(WASHINGTON) — In a case closely watched by human rights groups and multinational corporations, the Supreme Court on Wednesday narrowed the ability of foreign victims of human rights abuses to turn to U.S. courts for alleged violations of international law committed abroad.
The case was brought by 12 Nigerian plaintiffs against Royal Dutch Shell headquartered in the Netherlands. The Nigerians, who were granted asylum and are now living in the U.S., claimed that Shell aided and abetted human rights violations in Nigeria between 1992 and 1995. They sought to sue the corporation under the Alien Tort Statute (ATS), a federal law that allows foreigners to bring lawsuits in U.S. federal court for violations of human rights law.

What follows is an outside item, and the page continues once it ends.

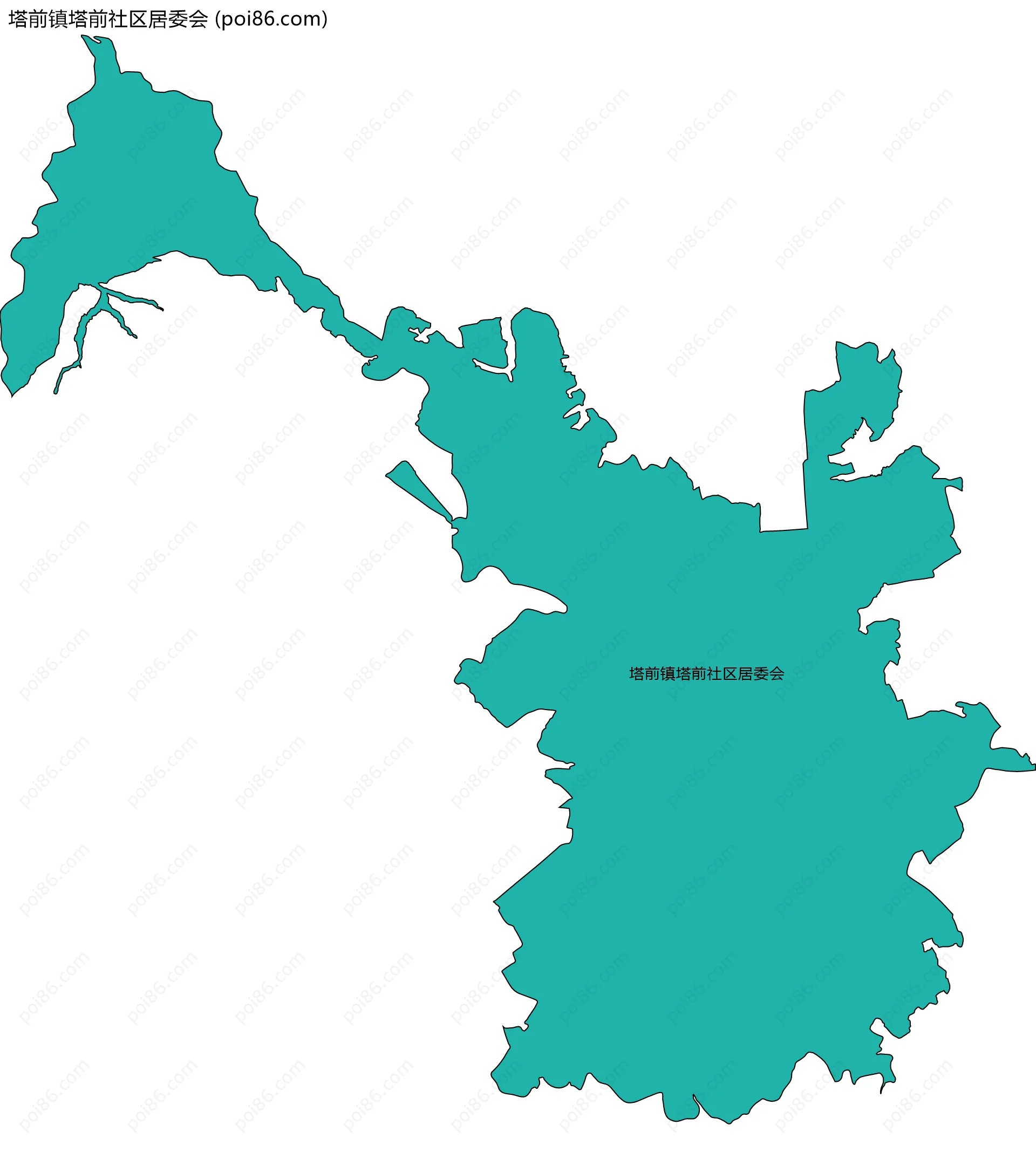 塔前镇塔前社区居委会边界地图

But Wednesday the Court barred the suit from going forward.
Chief Justice John Roberts wrote, “The question here is not whether petitioners have stated a proper claim under the ATS, but whether a claim may reach conduct occurring in the territory of a foreign sovereign.”

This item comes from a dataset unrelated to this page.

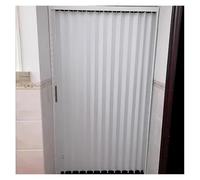Porte coulissante en accordéon en alliage d'aluminium, séparateur de pièce intérieur/extérieur, porte pliante en métal avec serrure, parfaite pour les cuisines et les restaurants (110 x 203,2 cm)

Roberts wrote that in the Nigerians’ case that “all the relevant conduct took place outside the United States.”
“And even where the claims touch and concern the territory of the United States, they must do so with sufficient force to displace the presumption against extraterritorial application, ” he wrote.
“Corporations are often present in many countries, and it would reach too far to say that mere corporate presence suffices.”
Jonathan Hafetz, a professor of law at Seton Hall University School of Law, said that Wednesday’s decision “says that unless there is a sufficiently strong nexus to the United States, the ATS can’t be used to enforce human rights violations.”
For the last 30 years, human rights groups had used the ATS to hold human rights violators accountable to their victims. Several groups criticized Wednesday’s decision.
“This decision so severely limited a law that has for decades been a beacon of hope for victims of gross human rights violations. The United States has been a leader in the fight against impunity, but this decision cuts a hole into the web of accountability,” said Human Rights First’s president, Elisa Massimino, in a statement. “Human rights abusers may be rejoicing today, but this is a major setback for their victims, who often look to the United States for justice when all else fails,” she said.
Hafetz says the message that Wednesday’s decision sends is that “human rights advocates can no longer rely in the same way on U.S. Courts to remedy human rights abuses that occur in a foreign country.”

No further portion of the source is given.